The new technique is particularly useful in identifying the proteins about which the least is known. Unlike the traditional approach to determining function, the new methodology requires no information about the unknown protein. “There are methods that are allow you to connect a protein … to something known, to assume it does something similar,” Shumilin says. “But what we have developed is different. It’s a different, independent approach that does not require any preliminary information. So it’s particularly good with true unknowns.”

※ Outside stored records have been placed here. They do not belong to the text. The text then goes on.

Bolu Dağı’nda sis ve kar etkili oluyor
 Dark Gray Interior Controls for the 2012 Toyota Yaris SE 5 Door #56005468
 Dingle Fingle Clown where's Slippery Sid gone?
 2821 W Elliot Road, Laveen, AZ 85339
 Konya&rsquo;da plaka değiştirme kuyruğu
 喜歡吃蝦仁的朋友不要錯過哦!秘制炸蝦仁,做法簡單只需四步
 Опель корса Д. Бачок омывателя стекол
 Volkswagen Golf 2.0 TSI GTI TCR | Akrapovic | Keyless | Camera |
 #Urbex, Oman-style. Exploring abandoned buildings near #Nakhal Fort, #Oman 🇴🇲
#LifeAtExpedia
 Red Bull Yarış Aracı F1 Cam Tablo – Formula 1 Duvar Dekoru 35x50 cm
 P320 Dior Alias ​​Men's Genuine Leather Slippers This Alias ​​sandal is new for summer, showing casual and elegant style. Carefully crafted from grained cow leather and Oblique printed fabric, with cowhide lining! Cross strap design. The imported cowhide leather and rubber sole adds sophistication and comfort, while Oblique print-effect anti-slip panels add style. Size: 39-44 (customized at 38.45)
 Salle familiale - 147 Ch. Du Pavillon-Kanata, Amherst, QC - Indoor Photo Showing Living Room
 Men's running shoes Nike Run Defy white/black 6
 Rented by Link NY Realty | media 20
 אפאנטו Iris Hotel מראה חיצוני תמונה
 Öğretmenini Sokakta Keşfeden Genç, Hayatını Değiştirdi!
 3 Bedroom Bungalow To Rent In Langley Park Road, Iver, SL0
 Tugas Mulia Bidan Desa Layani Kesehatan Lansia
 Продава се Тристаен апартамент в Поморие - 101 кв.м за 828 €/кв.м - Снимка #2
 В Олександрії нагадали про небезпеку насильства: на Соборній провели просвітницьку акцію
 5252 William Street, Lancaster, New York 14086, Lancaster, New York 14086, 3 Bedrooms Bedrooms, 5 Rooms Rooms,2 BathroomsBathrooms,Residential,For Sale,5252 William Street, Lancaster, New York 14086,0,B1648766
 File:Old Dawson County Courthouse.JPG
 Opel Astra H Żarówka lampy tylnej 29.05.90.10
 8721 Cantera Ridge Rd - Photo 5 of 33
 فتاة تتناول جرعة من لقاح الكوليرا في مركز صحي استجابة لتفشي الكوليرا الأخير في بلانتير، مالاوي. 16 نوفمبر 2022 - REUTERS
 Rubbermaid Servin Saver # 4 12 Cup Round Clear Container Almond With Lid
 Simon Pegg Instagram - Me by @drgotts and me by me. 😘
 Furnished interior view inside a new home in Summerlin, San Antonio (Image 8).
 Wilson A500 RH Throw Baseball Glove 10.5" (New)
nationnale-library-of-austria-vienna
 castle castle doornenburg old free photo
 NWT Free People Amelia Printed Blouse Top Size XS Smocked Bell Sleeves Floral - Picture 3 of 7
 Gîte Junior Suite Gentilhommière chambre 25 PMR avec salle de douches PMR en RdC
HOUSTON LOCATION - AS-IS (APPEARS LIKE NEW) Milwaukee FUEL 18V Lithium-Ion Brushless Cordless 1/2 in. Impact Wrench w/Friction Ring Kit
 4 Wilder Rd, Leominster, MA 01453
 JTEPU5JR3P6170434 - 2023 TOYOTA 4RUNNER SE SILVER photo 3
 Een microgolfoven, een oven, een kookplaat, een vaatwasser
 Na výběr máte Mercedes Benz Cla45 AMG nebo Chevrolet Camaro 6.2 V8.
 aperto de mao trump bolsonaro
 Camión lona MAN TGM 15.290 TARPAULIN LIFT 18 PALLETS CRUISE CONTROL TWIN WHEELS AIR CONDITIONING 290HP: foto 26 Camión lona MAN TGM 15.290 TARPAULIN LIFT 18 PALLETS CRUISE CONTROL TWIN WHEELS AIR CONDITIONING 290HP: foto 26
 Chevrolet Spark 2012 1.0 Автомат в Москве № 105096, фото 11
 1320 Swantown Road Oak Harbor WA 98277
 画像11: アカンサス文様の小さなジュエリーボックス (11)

The new approach probes a protein’s function by examining how it interacts with cocktails of chemicals carefully chosen to represent the large variety of compounds naturally found in living cells (known as metabolic compounds). Because proteins are selective about which metabolic compounds they do or do not bind, scientists can unlock their function based on this information. The process starts with a surprisingly small library of compounds, only 100 or so; once the initial interactions are observed, scientists then have a clue as to what kinds of metabolic compounds should yield more specific information. So instead of having an impossibly large number of potential metabolic compounds to test – thousands upon thousands – they can begin with only a few dozen.

“It’s an approach from a new direction,” Shumilin says. “Basically we have created a really nice shortcut.”

The new technique is described in a paper published by the journal Structure, and it quickly became one of the site’s most downloaded articles.

The paper was authored by Igor A. Shumilin, Marcin Cymborowski, Olga Chertihin, Kula N. Jha, John C. Herr, Scott A. Lesley, Andrzej Joachimiak and Wladek Minor.